Gridlock in Brazil’s urban centers is an onerous fact of daily life, and nowhere are traffic arteries more clogged than in Rio de Janeiro and São Paulo. Congestion has only become worse in this century, thanks to a strong economy and social programs that have elevated millions into the middle class. Car sales have been booming.
Roadbuilding has not kept pace, especially in Rio, which has a population of 6.3 million. After winning office in 2008, Mayor Eduardo Paes began making good on a campaign promise to upgrade transportation infrastructure. The city has been on a road and transit building spree, resurfacing dilapidated roads, adding a new metro line and building out Paes' pet transit strategy: the bus rapid transit (BRT) system.
Crosstown Traffic
Architect Jaime Lerner conceived of Brazil's first BRT in 1974, when he was mayor of the southern city of Curitiba. Paes plans to scale up Rio's system into a robust public transit system in time for the 2016 Summer Olympics. The system is designed to tie into Rio's international and domestic airport and the subway system.
Metro modernization plans are aimed at doubling ridership, which now stands at 600,000 a day. System improvements include new stations and interconnections that will save commuters time by eliminating transfers. One expansion is scheduled for completion before the 2014 World Cup. Another new leg, Line 4, aims to connect Ipanema with the developing Barra da Tijuca neighborhood in the city's western zone.
"Right now, we only move about 18% of the population via high-capacity transit," says Paes. With system improvements, he says, "Our goal is to move about 63%."
The mayor's fast-tracked transportation vision dovetails with urban renewal plans that cut into some of the oldest and largest favelas, or shantytowns.

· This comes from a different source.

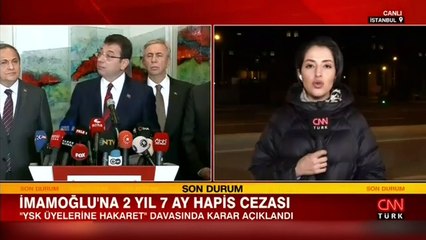 İmamoğlu'na 2 yıl 7 ay hapis cezası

The program would clear the way for Olympic facilities, and President Dilma Rousseff's administration is offering financial support. The federal government's share of the BRT and the metro improvements is about 90%, with the city of Rio kicking in 10%.
Even in soccer-mad Rio, support for the transportation and urban renewal schemes are by no means unanimous.
In a recent post on his 2016 Olympics blog, Christopher Gaffney, a visiting professor in education management at Rio's Fluminense Federal University, wrote, "The question about being ready on time is not completely relevant as the six-week demands of the Games tend to justify a thousand urban interventions that will not prepare the city for the demands of 2017 or 2025 [or any date in the future]. The main obstacles are a lack of professionalism in management, conflicts of interest, bureaucratic obstacles, lack of public participation, lack of transparency and a lack of planning for post-event uses."
For the most part, the BRT construction adds dedicated, bus-only lanes to existing crosstown highways. Contractors don't like the BRT because, Paes jokes, most construction is roadbuilding on the surface and "there is not a lot of digging required." There is plenty of civil work within the four corridors under construction: more than 150 kilometers of road, more than 100 stations, scores of overpasses and a 1.1-km tunnel.